Step 1: make peace with fruits and veggies
Starting today, eat a balanced diet to get rid of that spare tire hanging around your middle. How? With loads of fruits and veggies. They're the key to good health and your best ally in the battle of the bulge. They contain no fat, few calories and lots of fiber to aid digestion.
Besides fruit and veg, you need to eat healthy, with the right mix of macronutrients (protein, carbs and fat) and enough micronutrients (vitamin and minerals).
Step 2: combine weight training with cardio
Do you follow your training program to a T and are determined to reach your goals? To stay balanced and continue making progress, don't keep doing the same old workout routine. Vary your workouts and try out some new machines.

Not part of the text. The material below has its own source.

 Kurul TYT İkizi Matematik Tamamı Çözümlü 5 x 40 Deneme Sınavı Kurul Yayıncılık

Our tip: to get more muscle definition, combine both cardio and weight training in your conditioning program. This is the fastest way to get back in shape, lose weight and get a cut, ripped body.
Step 3: sleep for better workouts
The secret to staying strong and fit is sleep. We all know it's important to good health. Your body recovers while you're sleeping: your muscles actually rebuild themselves twice as fast during recovery periods.

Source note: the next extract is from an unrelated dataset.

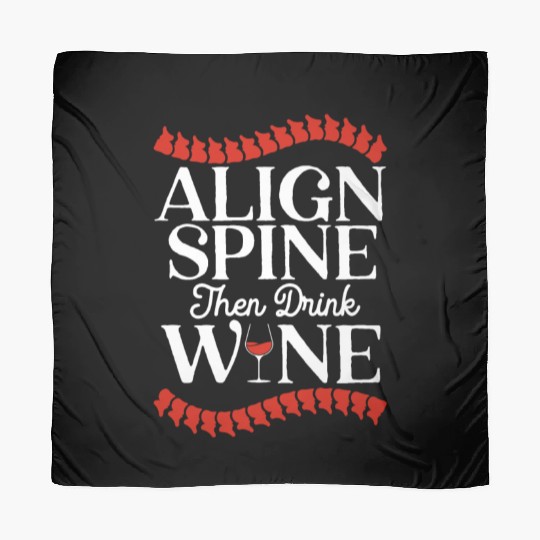 Align Spine Then Drink Wine Chiropractor Chiro Scarves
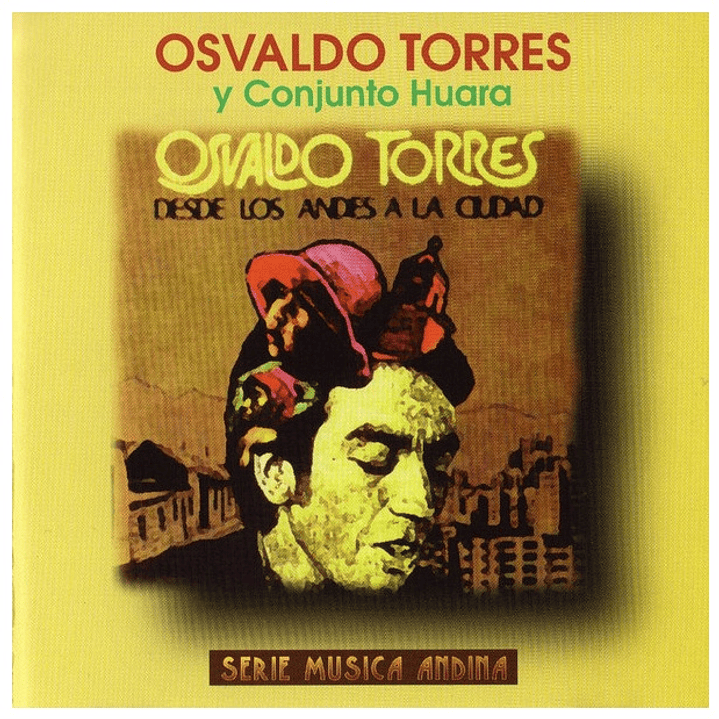 OSVALDO TORRES - DESDE LOS ANDES A LA CIUDAD / CD USADO 1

Sleep recharges your batteries so you can have the energy you need for your next workout. Sleeping at least seven hours a night will also ward off weight gain. Why? The less you sleep, the hungrier you feel, and your body produces more fat cells and burns less fat for energy. So for those skimping on the shut-eye, you may start to see the pounds creeping on…
More generally, recovery is very important to meeting your fitness goals. Not only do you need to get a good night's sleep, but you also need to give yourself enough time off between workouts. Another technique to try: self-massage. Whether you do it after a workout or set aside some time just for massage, this is a great way to support your recovery.
Step 4: stay hydrated to flush toxins from your system
Water is the most important nutrient for the body. The muscles are made up of about 80% water. Your body needs water to flush out toxins and stay properly hydrated.
Researchers at the University of New South Wales demonstrated that drinking more than two liters of water per day can help you gain 10% more muscle. Protein produces metabolic waste that needs to be dissolved by water.
If you're dehydrated, your muscles won't recover quickly and you could see a drop in your performance.
In short, it's important to be patient and dedicated! All those miracle diets that promise to make you lose four kilos in two weeks and gain huge amounts of muscle in a month are either not very feasible or not very healthy. So take your time, listen to your body and accept the way you are - this is the best way to get lasting results!